A birth defect involving an abnormality of the male genitals is 20 times more common among boys born to mothers who took a hormonal drug withdrawn in the late 1970s, researchers report today.

The drug, diethylstilbestrol, was prescribed to pregnant women to prevent miscarriage and premature birth but was withdrawn after it was linked with vaginal cancer and fertility disorders.

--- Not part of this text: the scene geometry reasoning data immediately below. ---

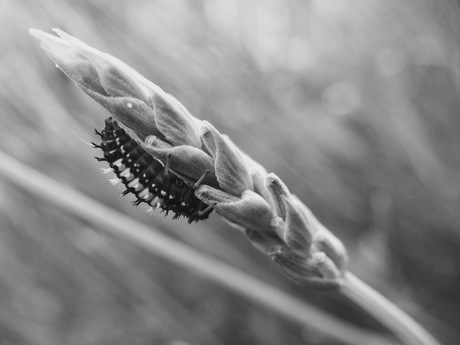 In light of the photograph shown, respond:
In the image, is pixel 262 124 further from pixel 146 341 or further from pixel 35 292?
pixel 35 292

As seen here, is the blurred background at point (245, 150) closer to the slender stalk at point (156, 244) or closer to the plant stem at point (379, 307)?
the slender stalk at point (156, 244)

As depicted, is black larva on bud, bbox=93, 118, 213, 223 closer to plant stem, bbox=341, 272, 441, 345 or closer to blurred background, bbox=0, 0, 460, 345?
plant stem, bbox=341, 272, 441, 345

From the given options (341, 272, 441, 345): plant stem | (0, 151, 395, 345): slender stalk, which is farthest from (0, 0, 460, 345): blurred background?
(341, 272, 441, 345): plant stem

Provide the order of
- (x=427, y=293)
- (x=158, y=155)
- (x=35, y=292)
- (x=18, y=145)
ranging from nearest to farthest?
(x=158, y=155)
(x=427, y=293)
(x=18, y=145)
(x=35, y=292)

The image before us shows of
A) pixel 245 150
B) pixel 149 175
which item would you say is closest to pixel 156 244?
pixel 149 175

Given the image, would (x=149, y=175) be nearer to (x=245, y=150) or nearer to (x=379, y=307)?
(x=379, y=307)

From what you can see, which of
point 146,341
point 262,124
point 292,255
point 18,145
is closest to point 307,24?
point 262,124

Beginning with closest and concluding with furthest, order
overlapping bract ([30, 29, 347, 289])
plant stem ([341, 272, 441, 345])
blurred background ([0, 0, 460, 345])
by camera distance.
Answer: overlapping bract ([30, 29, 347, 289]) < plant stem ([341, 272, 441, 345]) < blurred background ([0, 0, 460, 345]) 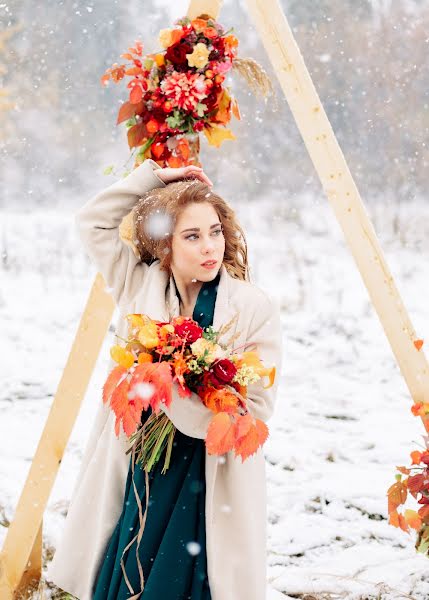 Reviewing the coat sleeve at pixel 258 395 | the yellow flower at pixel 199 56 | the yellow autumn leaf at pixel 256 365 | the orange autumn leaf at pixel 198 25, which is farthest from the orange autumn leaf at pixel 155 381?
the orange autumn leaf at pixel 198 25

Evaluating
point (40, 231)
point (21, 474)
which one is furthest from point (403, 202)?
point (21, 474)

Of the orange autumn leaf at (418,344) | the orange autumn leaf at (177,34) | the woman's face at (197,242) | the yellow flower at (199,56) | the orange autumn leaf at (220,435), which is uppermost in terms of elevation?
the orange autumn leaf at (177,34)

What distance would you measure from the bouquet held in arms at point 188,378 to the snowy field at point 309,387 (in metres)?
1.37

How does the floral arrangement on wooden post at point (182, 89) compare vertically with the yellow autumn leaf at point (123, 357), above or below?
above

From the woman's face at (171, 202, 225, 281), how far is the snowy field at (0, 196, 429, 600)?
148 cm

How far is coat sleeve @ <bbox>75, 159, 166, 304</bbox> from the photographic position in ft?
6.61

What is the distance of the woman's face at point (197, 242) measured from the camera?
1.87 meters

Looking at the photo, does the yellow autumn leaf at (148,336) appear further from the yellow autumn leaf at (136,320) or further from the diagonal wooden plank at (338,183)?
the diagonal wooden plank at (338,183)

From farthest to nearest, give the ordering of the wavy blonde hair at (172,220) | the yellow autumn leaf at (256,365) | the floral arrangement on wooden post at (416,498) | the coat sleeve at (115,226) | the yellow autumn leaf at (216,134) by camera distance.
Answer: the yellow autumn leaf at (216,134) → the floral arrangement on wooden post at (416,498) → the coat sleeve at (115,226) → the wavy blonde hair at (172,220) → the yellow autumn leaf at (256,365)

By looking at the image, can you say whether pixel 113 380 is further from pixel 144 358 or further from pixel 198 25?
pixel 198 25

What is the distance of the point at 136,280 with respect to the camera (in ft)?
6.82

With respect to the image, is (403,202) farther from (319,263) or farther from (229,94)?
(229,94)

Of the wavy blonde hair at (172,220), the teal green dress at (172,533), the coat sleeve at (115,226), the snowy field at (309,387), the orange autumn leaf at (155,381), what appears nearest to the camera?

Now a study of 8,934 boys in the Netherlands has found the incidence of hypospadias, an abnormality in which the opening of the urethra occurs on the underside of the penis or the scrotum, is higher in those whose mothers took the drug.

Among 205 boys whose mothers were exposed to the drug, four had hypospadias – a rate of one in 50 – compared with eight cases among the remaining 8,729 children, a rate of less than one in 1,000, according to the study, published in The Lancet.

The finding lends weight to the view that oestrogen, which is a powerful hormone and can take effect in minute quantities, plays a role in the abnormality and that rising exposure to oestrogens in the diet and in the environment could be putting new generations at risk.

The UK Birth Defects Foundation claimed earlier this month that the incidence of hypospadias had risen 13 per cent from 1995-99.

Professor Michael Patton, head of genetics at St George's hospital, Tooting, and medical director of the foundation, told The Independent: "Some substances in the diet such as soya contain phyto-oestrogens, which it has been suggested could have a feminising effect on males."